My advice that I would give myself if I had the ability to communicate with myself in the past would be to mentally prepare for the massive influx of new people I'm going to meet. Although I already had friends in high school, I needed to find ways in order to keep those relationships still alive while meeting new people and creating a new social network. The best thing to do about this is to try to find people who have similar interests as you while also trying to meet people who are very different from you. No one in the world is going to be an exact match to your every interest so it is good to keep an open mind and a willingness to try new things. I would recommend trying to find a few friends to meet over the summer through something like facebook or the school's website just so you have a few familar faces when you first get there. Gradually you were find your place in your chosen university but patience and acceptance are two things that will make the transition all the more easier.

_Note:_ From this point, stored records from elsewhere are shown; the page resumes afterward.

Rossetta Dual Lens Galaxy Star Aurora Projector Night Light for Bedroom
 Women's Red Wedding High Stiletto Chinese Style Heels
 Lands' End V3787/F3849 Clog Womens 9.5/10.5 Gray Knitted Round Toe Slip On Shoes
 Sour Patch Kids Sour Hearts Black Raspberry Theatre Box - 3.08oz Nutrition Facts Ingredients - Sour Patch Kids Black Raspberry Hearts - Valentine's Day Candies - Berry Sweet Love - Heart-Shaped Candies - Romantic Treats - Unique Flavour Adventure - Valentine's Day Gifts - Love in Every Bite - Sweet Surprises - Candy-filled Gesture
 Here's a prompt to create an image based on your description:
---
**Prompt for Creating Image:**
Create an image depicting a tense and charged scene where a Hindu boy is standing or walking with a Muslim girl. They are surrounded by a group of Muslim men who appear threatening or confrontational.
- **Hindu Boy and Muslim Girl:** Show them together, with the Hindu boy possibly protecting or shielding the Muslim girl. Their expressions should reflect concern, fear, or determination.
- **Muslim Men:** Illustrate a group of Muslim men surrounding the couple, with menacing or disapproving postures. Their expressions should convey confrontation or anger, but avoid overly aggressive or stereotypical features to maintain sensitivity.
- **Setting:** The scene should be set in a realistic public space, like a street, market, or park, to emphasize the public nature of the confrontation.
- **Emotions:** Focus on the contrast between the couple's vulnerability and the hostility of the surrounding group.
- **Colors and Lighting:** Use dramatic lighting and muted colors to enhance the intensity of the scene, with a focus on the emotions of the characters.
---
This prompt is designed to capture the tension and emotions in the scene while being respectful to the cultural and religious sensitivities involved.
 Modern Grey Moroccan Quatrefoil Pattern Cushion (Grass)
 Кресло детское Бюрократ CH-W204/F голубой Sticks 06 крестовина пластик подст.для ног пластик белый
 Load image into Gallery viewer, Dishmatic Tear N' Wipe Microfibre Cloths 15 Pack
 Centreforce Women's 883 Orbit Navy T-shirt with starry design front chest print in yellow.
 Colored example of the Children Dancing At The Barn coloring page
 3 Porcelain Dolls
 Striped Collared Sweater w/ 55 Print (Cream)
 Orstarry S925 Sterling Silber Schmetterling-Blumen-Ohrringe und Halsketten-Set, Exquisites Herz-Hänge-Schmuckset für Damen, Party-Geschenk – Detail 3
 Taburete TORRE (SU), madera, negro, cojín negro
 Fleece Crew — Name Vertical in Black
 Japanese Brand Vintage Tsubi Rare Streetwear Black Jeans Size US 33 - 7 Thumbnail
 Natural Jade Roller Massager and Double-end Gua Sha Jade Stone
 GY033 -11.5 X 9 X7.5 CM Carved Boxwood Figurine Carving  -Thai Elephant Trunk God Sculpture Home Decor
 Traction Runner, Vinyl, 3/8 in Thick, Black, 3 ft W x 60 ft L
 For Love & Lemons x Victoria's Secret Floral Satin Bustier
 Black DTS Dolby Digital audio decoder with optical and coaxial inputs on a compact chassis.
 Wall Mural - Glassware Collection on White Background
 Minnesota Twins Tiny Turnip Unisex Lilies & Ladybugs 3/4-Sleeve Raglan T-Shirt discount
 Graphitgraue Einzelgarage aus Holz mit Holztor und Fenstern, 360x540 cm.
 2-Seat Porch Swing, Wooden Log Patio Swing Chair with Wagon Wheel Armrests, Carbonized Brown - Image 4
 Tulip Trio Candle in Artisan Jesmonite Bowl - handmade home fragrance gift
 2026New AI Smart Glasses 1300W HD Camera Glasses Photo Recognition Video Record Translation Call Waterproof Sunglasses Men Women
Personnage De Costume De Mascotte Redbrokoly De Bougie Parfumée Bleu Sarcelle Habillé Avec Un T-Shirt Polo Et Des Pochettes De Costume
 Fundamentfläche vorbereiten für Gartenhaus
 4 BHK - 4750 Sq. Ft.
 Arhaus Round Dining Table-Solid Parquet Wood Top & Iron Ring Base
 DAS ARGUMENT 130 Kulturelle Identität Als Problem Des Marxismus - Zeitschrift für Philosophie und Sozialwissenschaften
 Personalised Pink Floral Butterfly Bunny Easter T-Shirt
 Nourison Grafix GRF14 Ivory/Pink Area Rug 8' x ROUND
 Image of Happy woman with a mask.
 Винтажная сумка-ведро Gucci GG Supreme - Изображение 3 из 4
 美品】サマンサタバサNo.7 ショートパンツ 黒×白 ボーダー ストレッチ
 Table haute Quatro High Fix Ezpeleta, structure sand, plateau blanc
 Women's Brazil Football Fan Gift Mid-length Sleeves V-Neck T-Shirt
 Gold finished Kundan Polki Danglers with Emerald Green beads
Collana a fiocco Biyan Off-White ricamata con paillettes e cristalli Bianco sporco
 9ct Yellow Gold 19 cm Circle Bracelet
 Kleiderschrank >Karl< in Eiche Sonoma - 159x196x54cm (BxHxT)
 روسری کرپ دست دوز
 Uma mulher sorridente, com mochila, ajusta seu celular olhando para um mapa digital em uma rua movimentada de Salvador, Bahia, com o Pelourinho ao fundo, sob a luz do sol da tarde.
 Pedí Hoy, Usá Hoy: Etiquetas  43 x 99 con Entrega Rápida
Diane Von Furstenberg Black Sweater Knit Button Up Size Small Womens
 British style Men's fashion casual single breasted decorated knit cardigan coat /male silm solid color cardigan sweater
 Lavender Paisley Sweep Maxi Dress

My college expereince started out a little rough. I went to a local college for a year and a half. While in that college, I was placed in remedial classes which I did not need. The classes just made me feel that I wasn't getting anything accomplished. My college academic career was going no where, so I dropped out. I took time off to work and figure out what to do with my life. After working for a few years as a daycare teacher. Although it's a fulfilling job, it doesn't pay very good at all. I made the decision to go back to school and my best option was online. I chose Ashford University because it had the major I wanted and also it is accredited and top rated. I love school now. I really feel like I'm accomplishing something. I have a very strong GPA (3.7) and I feel great about all of my classes. My new obstacle is money so I am applying for any scholarship I'm eligible for to make it possible for me to continue. Overall< Ashford has gievn me a brand new outlook on attending college.